Taken from "In Remembrance of Me," www.arlingtonadventistmedia.com (6-3-06)

City of Peace?
The feeling of being beset by blind forces is especially strong in the mixed city of Jerusalem. … Hardly a day passes in the "holy city" without a riot or a stoning, without cars being torched or firebombs thrown, without attempted lynchings or the stabbing of an Israeli by a Palestinian (or vice versa). After each incident, municipal cleaning machines, marked "CITY OF PEACE" in three languages, appear on the scene to wash the blood from the streets in time for the next group of pious pilgrims to pass by, fingering their rosaries and muttering solemn prayers.

Amos Elon in The New Yorker (Dec. 24, 1990); Christianity Today, Vol. 36, no. 3

Hungering for God
Creatures are not born with desires unless satisfaction for those desires exists. A baby feels hunger: well, there is such a thing as food. A duckling wants to swim: well, there is such a thing as water. If I find in myself a desire which no experience in this world can satisfy, the most probable explanation is that I was made for another world. If none of my earthly pleasures satisfy it, that does not prove that the universe is a fraud. Probably, earthly pleasures were never meant to satisfy it, but only to arouse it, to suggest the real thing.

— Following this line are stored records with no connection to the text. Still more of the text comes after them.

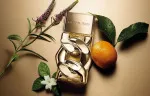 Pour Homme Absolu agua de perfume para hombre 30 ml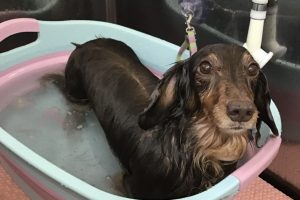 6月のお友達☆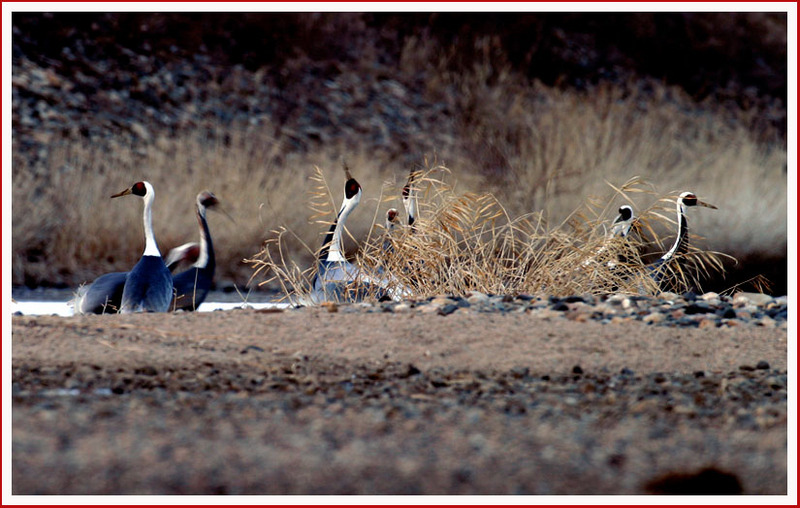 숨어서 노래하는 녀석들 | 재두루미 Grus vipio (White-naped Crane); DISPLAY FULL IMAGE.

C.S. Lewis, Mere Christianity (HarperCollins, 1952); submitted by Mike Penninga, Kelowna, British Columbia

Communion According to Paul
According to Paul, it was not truly the Lord's Supper unless everyone from any social status ate it together, signifying equal inclusion. Bread and wine eaten in the context of a full meal also symbolize care for the poor, for when all eat together, there are no needy.

Reta Halteman Finger, "An Instinct for Community," in The Measure of My Days: engaging the life and thought of John L. Ruth (Cascadia, 2004)

Bitter Wine to Sweet
For centuries, we have drunk the wine of the Lord's Supper, reminding us of the bittersweet truth that Christ's blood was shed for us. Jesus has been waiting all these centuries to drink it anew with us at the wedding supper of the Lamb. When he does, there will be no thought of death.

Konstantin Makovskii, a prominent Russian painter of the 19th century, once painted an enormous picture, depicting a wedding feast. The bride is standing, and the guests are holding out their cups toward her. The explanation with the painting says they are shouting, "Gor'ko! Gor'ko!" meaning, "Bitter! Bitter!" The shouts are in reference to the wine, which had turned bitter. Much like our wedding custom of tapping on glasses, Russian custom says the newlywed couple must kiss in order to make the wine sweet again.

Isaiah 25:6 promises, "On this mountain the Lord Almighty will prepare a feast of rich food for all peoples, a banquet of aged wine—the best of meats and the finest of wines." When we are finally together with Jesus, when the Bridegroom and his Bride kiss, Isaiah's promise of a feast with "the finest of wines" will come to pass. The wine, once bitter, will be sweet indeed.

Lee Eclov, "Mountaintop Experience," PreachingToday.com

"Wake Up, Church!"
Heidi Baker ministers to the poor in Mozambique. She writes about a vision she had:

I saw the wedding feast of the Lamb. There were huge, long tables laid out with the most beautiful food I have ever seen.
I heard the Lord say, "Wake up, Church! Wake up, Church! The feast is about to begin! The poor have not yet been called and My house is not yet full. I want My house to be full!"
Then I saw the Lord Jesus dance on the garbage dump, and I was with Him. As He called, the children and youth began to follow and dance with us. Together, Jesus and I would stop and touch them; their bloated bellies would become flat, and their infected wounds healed. Their hair, turned brown by malnutrition, would become black and shiny.
He put beautiful garments of purple, blue, gold, and silver on them. He led them out of the dump and into the wedding feast and said, "You sit in front!" And the hungry children from the garbage dump sat at the head table.
I've worked in the garbage dump ever since, and many hundreds of children and youth have met the Lord and are being fed physical and spiritual bread.
Lee Eclov, "Mountaintop Experience," PreachingToday.com; source: www.sjcac.org/eng/events/rollandbaker.htm

Lee Eclov is senior pastor of Village Church of Lincolnshire in Lake Forest, Illinois.